Acredito que um dos resultados dessa falta de contato com a própria finitude é que nos levamos a sério demais. Atribuímos a nós mesmos, às nossas opiniões e às nossas atividades um grau irreal de importância. Passamos os dias absortos na resolução dos nossos grandes problemas: o pagamento das contas, o trabalho chato, o colega incômodo, o final da novela, o desempenho do time de futebol. Tudo parece incrivelmente importante. Nos prendemos aos detalhes do cotidiano por conta da falta de estrutura para nos darmos conta do que é a vida numa perspectiva mais ampla.
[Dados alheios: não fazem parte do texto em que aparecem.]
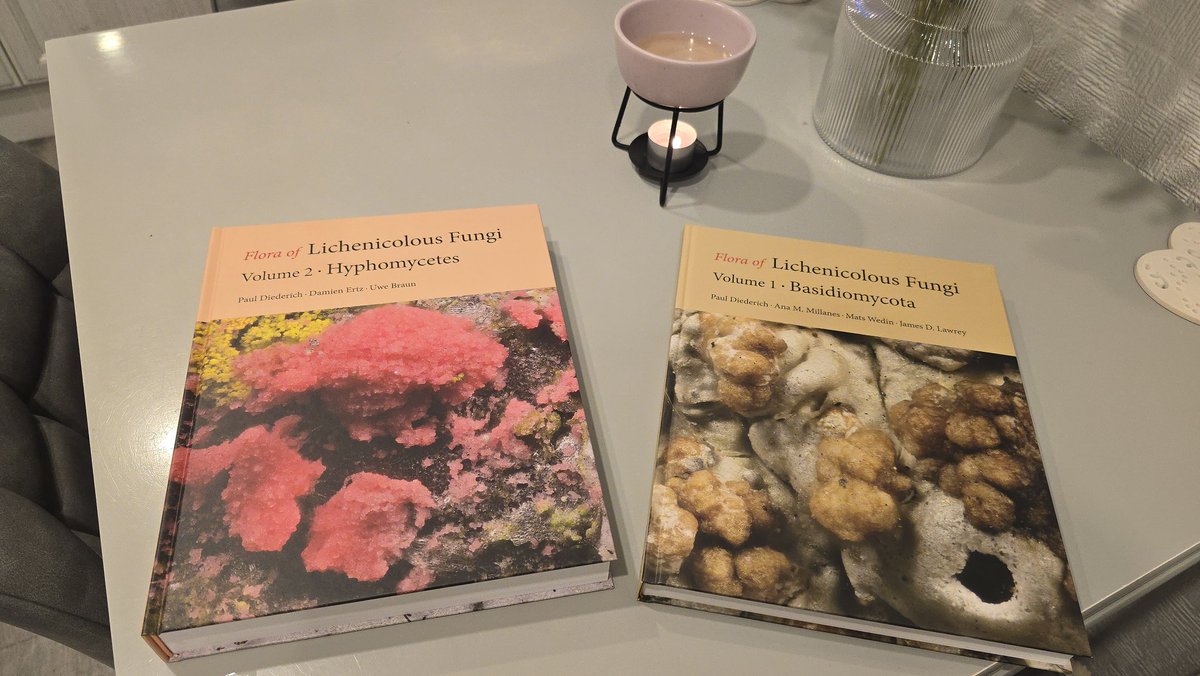 Jamie warren tweet media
Como isso se reflete na fotografia? Primeiro, na criação da nossa identidade fotográfica. Estabelecemos uma série de regras para nós mesmos, criamos uma referência pessoal e navegamos dentro desses limites. “Faço esse tipo de foto”, “esse é o meu equipamento”, “gosto desses fotógrafos”, “uso essa marca de câmera”, “não fotografo nesse estilo” etc. Essa referência nos ajuda a nos sentirmos únicos, especiais, diferenciados. É possível que passemos muito tempo fotografando em função de reafirmar essa identidade, mesmo que isso signifique deixar de fazer coisas que gostaríamos. “Está um fim de tarde lindo hoje, mas não vou fotografá-lo porque pôr-do-sol é muito clichê”, é o que nos dizemos, com o dedo formigando para apertar o botão da câmera.
Uma outra forma de buscar destaque frente aos sete bilhões de outros seres humanos no mundo (como se isso fosse possível) é através do poder econômico. Entre os fotógrafos, isso significa a troca constante de equipamentos, o uso e ostentação de câmeras caras e a busca de desculpas, geralmente técnicas, para a sua aquisição. Alguns estudiosos da psicologia acreditam que a ostentação de bens materiais tem a função de compensar a falta de confiança e potência em áreas como a sexualidade. Pode ser verdade, mas acredito também que serve para tentar dar algum sentido à vida, já que esse movimento geralmente ocorre em momentos da vida em que a pessoa se depara com a perspectiva da morte.
As ideias que formulamos para justificar nossas atitudes também são algo que levamos muito a sério. Nas nossas rodas de conhecidos, nos fóruns e redes sociais da internet, o tempo todo procuramos reafirmá-las ou até mesmo as impor, já que essas palavras sustentam nosso modo de viver. Entretanto, são apenas palavras e conceitos que não se aproximam da experiência de viver — esta, na verdade, está além do alcance da descrição verbal.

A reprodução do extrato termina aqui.